● **MATERIAL PROVIDED**

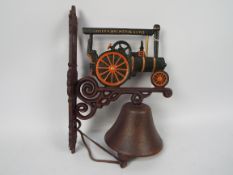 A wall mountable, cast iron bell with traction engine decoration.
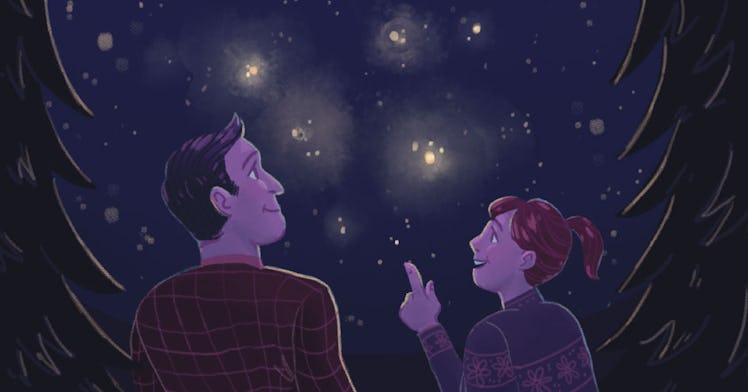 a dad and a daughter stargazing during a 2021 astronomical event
* * *
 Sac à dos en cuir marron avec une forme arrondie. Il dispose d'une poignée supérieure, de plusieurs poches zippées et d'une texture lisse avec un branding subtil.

● **EXERCISE DETAILS**
Copy back exactly the lines above from the one containing "A wall mountable, cast" through the one containing "a dad and a", and leave every picture behind.

● **OUTPUT FOR THIS EXERCISE**
 A wall mountable, cast iron bell with traction engine decoration.
 a dad and a daughter stargazing during a 2021 astronomical event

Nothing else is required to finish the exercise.